What have I done?

Academic projects

Cross-Linguistic Prosodic Priming (2019)

Term paper written with a fellow student for undergraduate laboratory linguistics course. The paper reports on an experiment investigating whether stress patterns are able to be primed crosslinguistically.

Lexical Variation and Gender in Informal Social Media Environments (2018)

Term paper written for undergraduate sociolinguistics course. Data related to preferences about acronym and abbreviation usage on social media was collected via survey along with various pieces of demographic information about the respondent. An analysis of lexical variation across gender was subsequently performed. Selected for presentation at the 2019 edition of CLAUSE̥ (Canadian Linguistics Annual Undergraduate Symposium).


Personal projects

Papers

An expanded demographically informed analysis of Toontown Rewritten chat message data (2024)

A much more extensive study expanding upon previous demographic NLP research. A second, larger demographic corpus was compiled by hand and merged with the original from my 2023 study and an analysis was subsequently carried out in Python. GitHub repository here.

A preliminary demographically informed analysis of Toontown Rewritten chat message data (2023)

Initial study integrating demographic and NLP research related to Toontown Rewritten into a unified investigation. A demographic corpus was assembled by hand over a span of approximately six months and an analysis was performed in R. GitHub repository here.

Predicting different leg colour in Toontown Rewritten with supervised classification (2022)
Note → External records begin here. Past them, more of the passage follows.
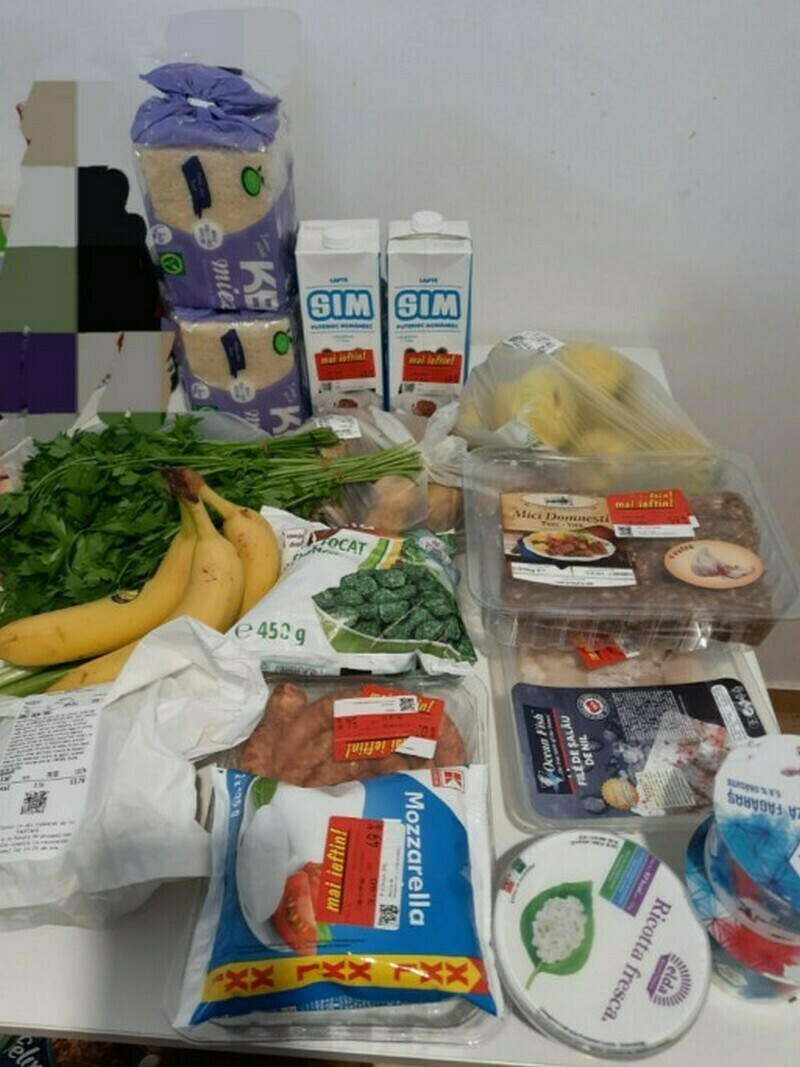 Блог - От Аляски до России: 14 человек показали, сколько стоят продукты там, где они живут От Аляски до России: 14 человек показали, сколько стоят продукты там, где они живут
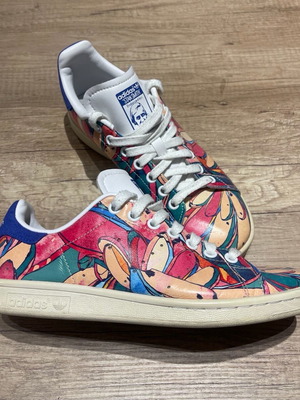 Adidas Stan Smith Limited Edition like new, size 38 2/3 multicolor sneakers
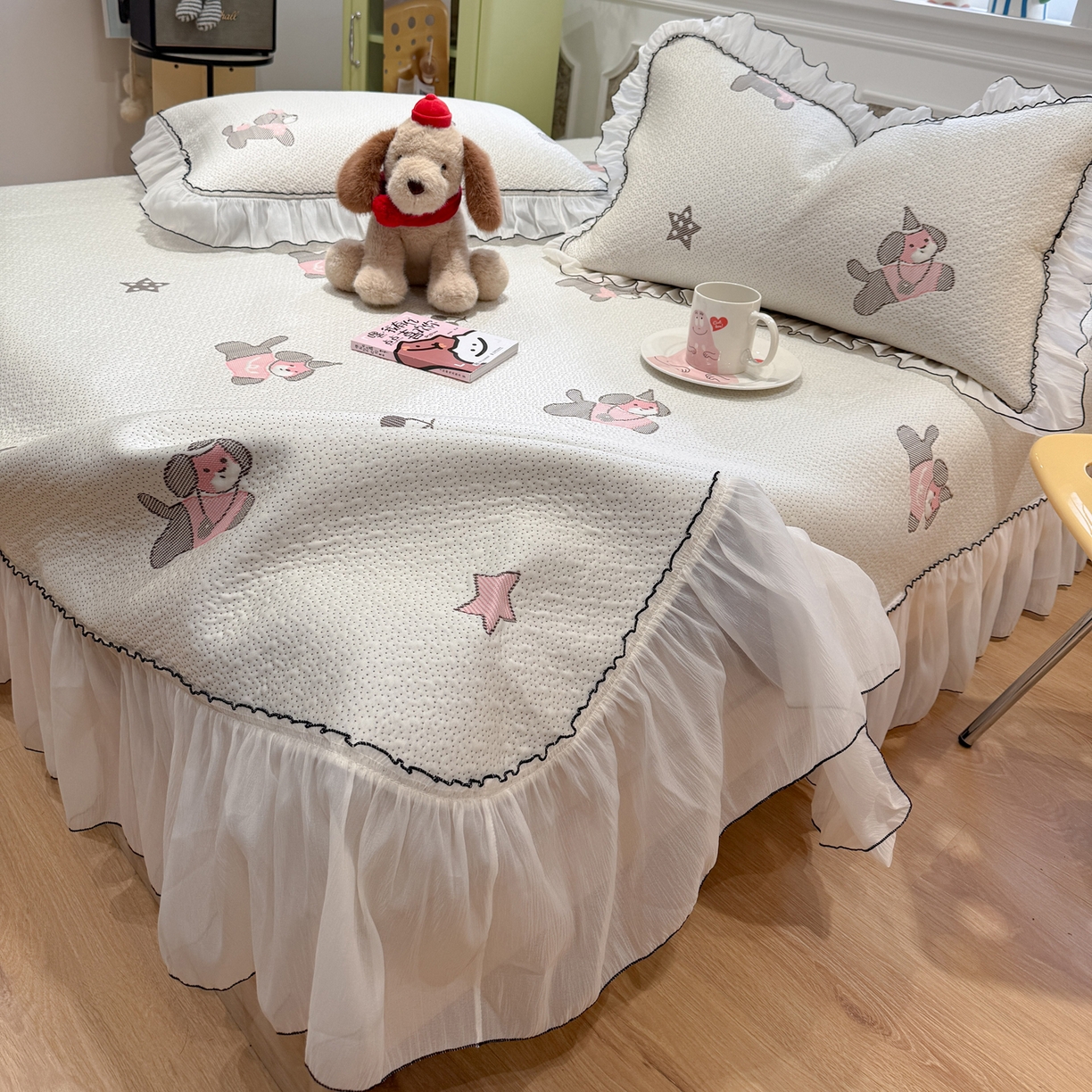 91家纺网 家纺一手货源 找家纺 雅居纺家纺 2026新款PE凉感卡通床裙床盖凉席韩版花边加厚三明治底PE凉感席 粉色星星腊肠狗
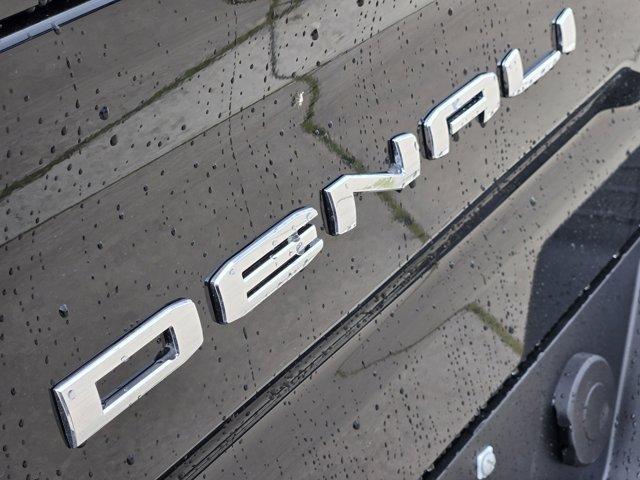 Photo of 2025 Onyx Black GMC Sierra 2500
Various supervised classification algorithms were utilized to attempt to predict if members of the dataset had legs which were a different colour than the rest of their body. GitHub repository here.

An exploration of Toontown Rewritten demographics (2022)
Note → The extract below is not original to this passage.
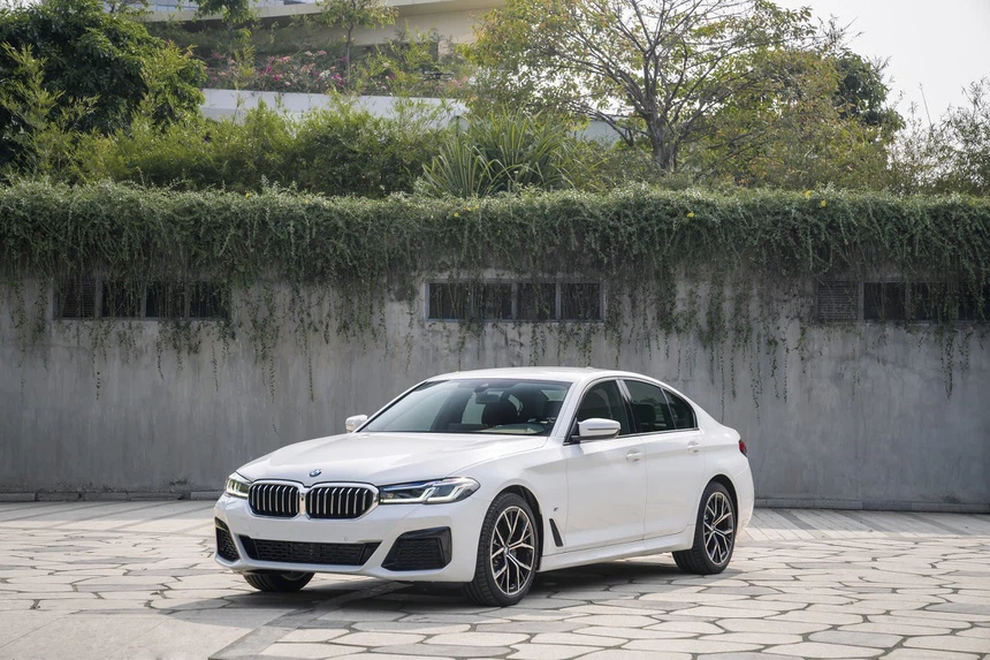 Những mẫu sedan cỡ trung hạng sang đáng chú ý năm 2021 bán tại Việt Nam - 1 Những mẫu sedan cỡ trung hạng sang đáng chú ý năm 2021 bán tại Việt Nam - 1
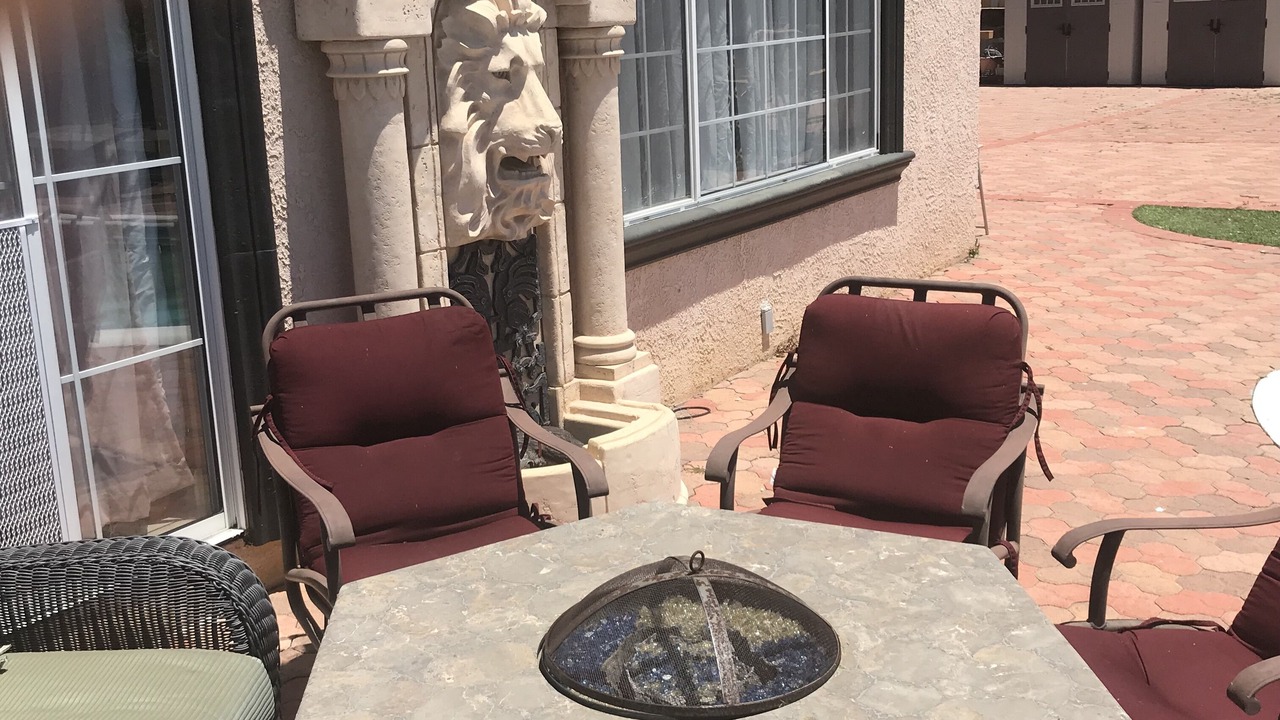 Photo of Outdoor in Woodland Hills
Large study investigating the demographics of a sample of the population of the MMORPG Toontown Rewritten. Data was collected by hand in the summer of 2021 and cleaned, analyzed, visualized in Python. GitHub repository here.


Projects

Toontown Rewritten LDA and NMF (2022) and Toontown Rewritten LDA topic modeling with gensim (2024)
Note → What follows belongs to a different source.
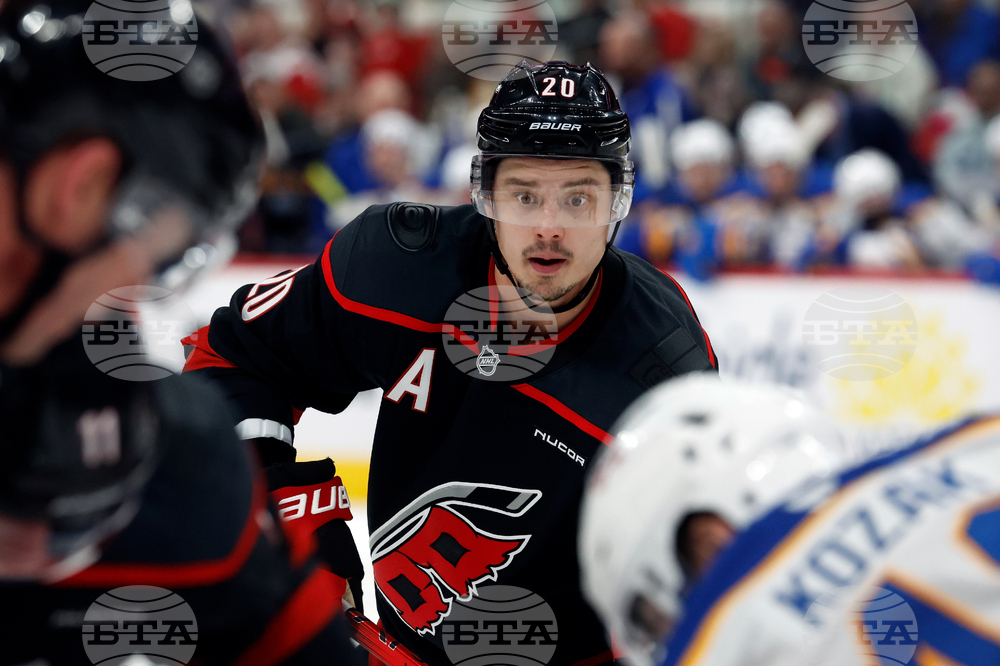 Sabres Hurricanes Hockey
Various iterations of performing topic modeling via latent Dirichlet allocation (LDA) and non-negative matrix factorization (NMF) on a text corpus consisting of chat messages from Toontown Rewritten. The 2022 project is purely linguistic whereas the recent 2024 project utilizes my extended demographic corpus.

Dota 2 corpus analysis (2022)

Exploration and visualization in Python of a large corpus of in-game chat messages from Dota 2 through measures of token frequency, polarity, and message length.

Toontown Rewritten corpus analysis (2022)

A simple non-demographic linguistic analysis exploring a corpus of in-game chat messages.

Dota hero clustering with k-means (2022)

Usage of k-means clustering to group Dota heroes into three clusters based on their base attributes. High accuracy was achieved after exploratory analysis and feature selection.